Положи мне руку на темя,
Пусть теперь остановится время
На тобою данных часах…
Стало:
Ты не первый и не последний
Темный слушатель светлых бредней,
Мне какую готовишь месть?
Ты не выпьешь, только пригубишь
Эту горечь из самой глуби -
Это нашей разлуки весть.
Не клади мне руку на темя -
Пусть навек остановится время
На тобою данных часах…
В этой редакции, оставшейся без изменений до самого конца работы
Ахматовой над “Поэмой…”, изображена вся сущность ее взаимоотношений с
Гаршиным. Подробнее я остановлюсь на этом во второй части настоящей книги, посвященной послевоенному времени. Там я расскажу в специальной главе о “Поэме без героя”, об истории ее переработки и многое другое, связанное с этим триптихом. Сейчас же для нас важна строка “Ты не первый и не последний…”.
Третий прототип образа “гостя из будущего” – сэр Исайя Берлин.
История его знакомства с Анной Андреевной известна из мемуаров современников и воспоминаний самого героя. Замечу прямо, что лучше всего обстановка первой встречи отражена в поэзии Ахматовой, но не в
“Поэме…”, а в стихотворении “Ты выдумал меня. Такой на свете нет…” из цикла “Шиповник цветет”, обращенного непосредственно к И. Берлину (естественно, без указания его имени). Там читаем:
Мы встретились с тобой в невероятный год,
Когда уже иссякли мира силы,
Все было в трауре, все никло от невзгод
И были свежи лишь могилы.
Без фонарей как смоль был черен невский вал,
Глухая ночь вокруг стеной стояла…
Так вот когда тебя мой голос вызывал!
Что делала – сама еще не понимала.
И ты пришел ко мне, как бы звездой ведом,
По осени трагической ступая,
В тот навсегда опустошенный дом,
Откуда унеслась стихов сожженных стая.
Из воспоминаний И. Берлина мы точно знаем, когда это было: в конце ноября 1945 года. То есть сразу после окончания войны.

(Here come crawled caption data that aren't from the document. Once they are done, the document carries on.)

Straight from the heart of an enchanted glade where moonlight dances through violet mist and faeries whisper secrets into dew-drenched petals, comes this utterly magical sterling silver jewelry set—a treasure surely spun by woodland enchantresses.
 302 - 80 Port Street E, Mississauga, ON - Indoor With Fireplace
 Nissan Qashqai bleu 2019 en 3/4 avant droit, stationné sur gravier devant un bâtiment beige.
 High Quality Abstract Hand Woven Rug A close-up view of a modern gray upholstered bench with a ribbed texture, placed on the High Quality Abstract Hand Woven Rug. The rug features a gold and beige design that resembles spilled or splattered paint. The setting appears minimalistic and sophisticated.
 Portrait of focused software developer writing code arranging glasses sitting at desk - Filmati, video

Автор, давно уже обосновавшийся в Англии, увидел Ленинград, откуда был увезен подростком. Утром в день приезда он еще не знал, жива ли Ахматова, автор “Четок” и “Белой стаи”, “Подорожника” и “Anno Domini”. А уже в три часа того же дня его проводили к ней на Фонтанку. Ну какое значение могло иметь для этой напряженной встречи, в какую сторону он свернул с
Аничкова моста? Никакого. И если в своем эссе И. Берлин очень точно описал свой маршрут, то, вероятно, это было сделано под влиянием стихотворных строк Ахматовой. Впоследствии Анна Андреевна сама сделала его героем строфы
“Звук шагов, тех, которых нету…”, прибавив к ней ряд опознавательных стихов. Она сделала это при существенной переработке “Поэмы…” в 1954 году, дописав также содержащийся в ней образ “паладина” “Коломбины десятых годов”, использовав для этого мотивы лирики А. Блока. Теперь Ахматову под влиянием разных соображений и обстоятельств влекло к более точным указаниям на прототипы. В позднейшей своей “Прозе о поэме” Анна Андреевна прозрачно намекнула на реального прототипа “гостя из будущего” – И. Берлина. Об этом читателю еще предстоит узнать в последующих моих воспоминаниях о встречах с Ахматовой в 40 -
60-е годы.
Что же касается моего знакомства с В. Г. Гаршиным в 1939 году, мое эмоциональное впечатление о его драматичной и повторяющейся дороге к дому Анны Андреевны, отраженной в стихе “Повернув налево с моста…”, остается в силе.
Но вернемся к событиям этого года, влиявшим на мою жизнь. 1939-й еще не кончился.